Les différentes phases du sommeil

Il y a quelques jours s’est déroulée la 17e journée du sommeil. C’est l’occasion pour l’Institut National du Sommeil et de la Vigilance (INSV) de sensibiliser le public sur les troubles associés, un site web informatif a été crée pour accompagner ces actions de communication, le Village Sommeil.

Pour mieux comprendre comment se déroule une nuit de repos, voici quelques explications sur son déroulement. Le sommeil comporte différentes phases qui forment un cycle, d’une durée de 1h30 à deux heures pour un total entre quatre et six cycles, entre sommeil léger, profond et paradoxal.

La somnolence

Ce sont d’abord les signes de fatigue (bâillement, yeux qui piquent, ..), c’est le moment d’aller se coucher !

Le sommeil lent léger

Le corps se relâche, on navigue durant des moments très courts entre sommeil et éveil.

Le sommeil lent profond

C’est durant ce moment que le corps se repose et récupère le mieux, l’activité du cerveau est réduite et la pression artérielle stable.

Le sommeil paradoxal

C’est le dernier stade du cycle qui occupe environ 25% de la durée de la nuit de repos. Nous nous souvenons des rêves qui se produisent durant ces moments, la respiration et le rythme cardiaque sont irréguliers et les yeux peuvent entrer dans une activité de mouvements rapides.

Sommeil : attention aux somnifères

Insomnies et micro-réveils, syndromes des jambes sans repos ou d’apnée du sommeil, ce sont près d’un tier des français qui déclarent souffrir d’un mauvais sommeil, en particulier les personnes âgées de 45 à 65 ans et plus. C’est un problème de santé publique important, les médecins généralistes sont souvent consultés pour ces troubles car au delà de l’inconfort, une insomnie récurrente augmente les risques liés au diabète, entraine des problèmes d’attention et de concentration au travail ou sur la route et peuvent déboucher sur une dépression. C’est la qualité de vie de manière générale qui en est affectée.

De plus, la durée de repos a réduit durant le dernier siècle au point de devenir aujourd’hui insuffisante pour récupérer 100% de nos capacités physiques et mentales. Pour les plus jeunes, le sommeil est indispensable à la croissance mais aussi à l’apprentissage et au bon fonctionnement du système immunitaire. Comme nous l’avons vu dans un précédent article, bien étudier c’est aussi bien dormir.

Pour lutter contre ces troubles nocturnes, la médecine répond essentiellement par la prise de somnifères qui s’appuient sur les benzodiazépines et dérivés et ce n’est pas sans conséquences. En effet, il est prouvé qu’une utilisation régulière et prolongée de somnifères accroit les risques de développer la maladie d’Alzheimer, sachant que plus d’un tiers des personnes âgées en consomment.

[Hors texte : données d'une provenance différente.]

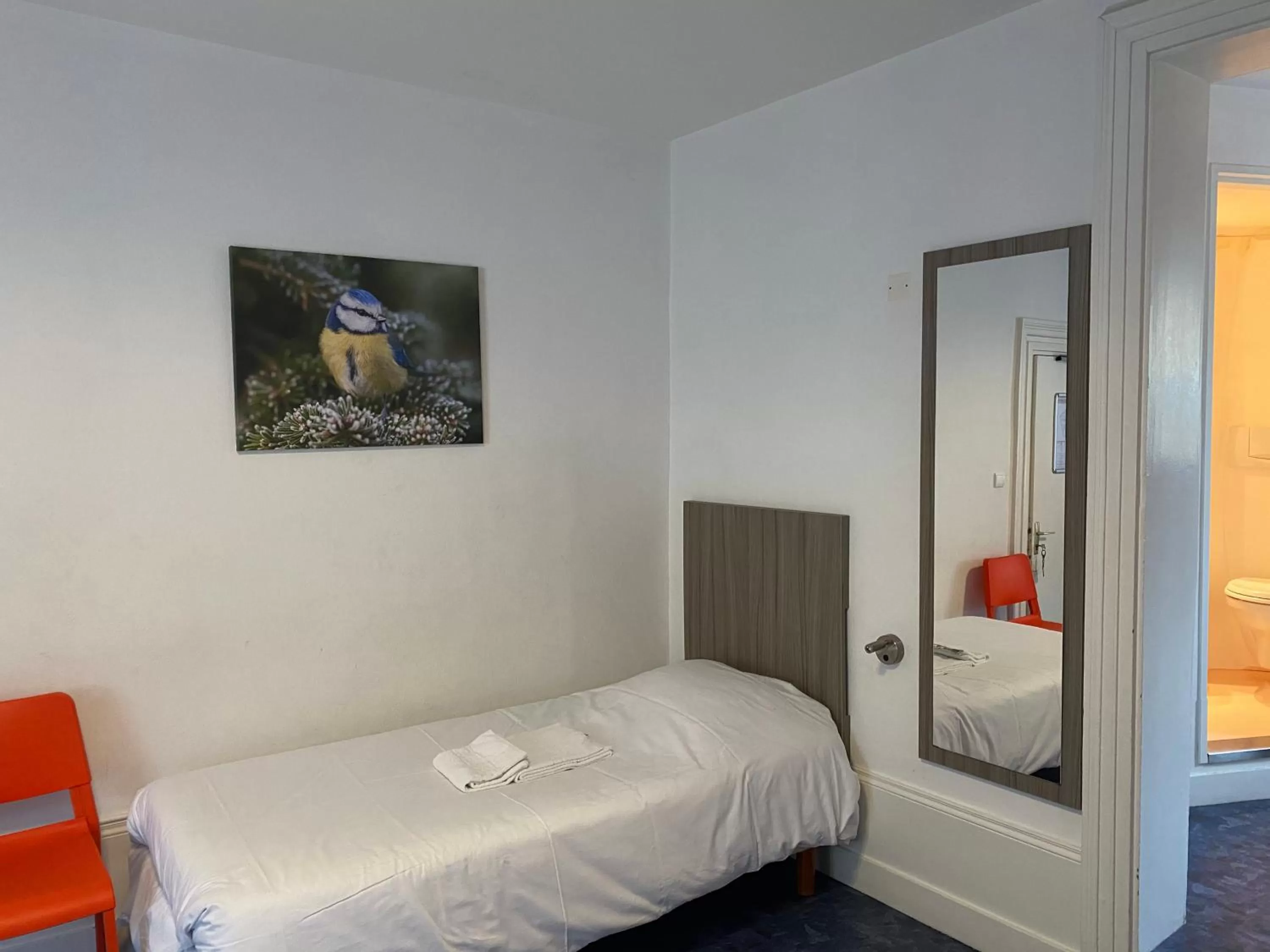 Bed in Hotel le Faisan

Pourtant, les alternatives à la chimie existent à commencer par une bonne hygiène de vie : activité physique quotidienne, alimentation saine et légère le soir, éviter café ou thé, tabac, alcool et boissons énergisantes après 18h00 et essayer de garder un horaire fixe pour aller se coucher. S’équiper d’un matelas adapté, plutôt ferme (futon ou à mémoire de forme), est également une façon non négligeable d’améliorer la qualité de son sommeil.

Il existe du côté de la médecine dite douce ou naturelle des réponses efficaces aux troubles du sommeil : la pratique du Yoga ou du Tai Chi Chuan, des séances de sophrologie, de psychanalyse ou encore le recours aux huiles essentielles.

L’aromathérapie contre l’insomnie

Il existe plusieurs huiles essentielles qui, combinées, favorise l’endormissement, on parle de synergie. Préparer un mélange de 1 dose de marjolaine à coquille, 1 dose de lavande fine, 1 dose de mandarine et 3 doses de noisette (1 dose = 1 goute ou 1 ml suivant le besoin). Appliquer quatre ou cinq goutes sur le plexus solaire en massant doucement une demi heure avant d’aller se coucher.

On peut enfin assister à des conférences comme celles de Clémence Peix Lavallée qui est sophrologue spécialisée dans le stress, l’équilibre et le sommeil et qui propose des solutions sans faire appel aux médicaments.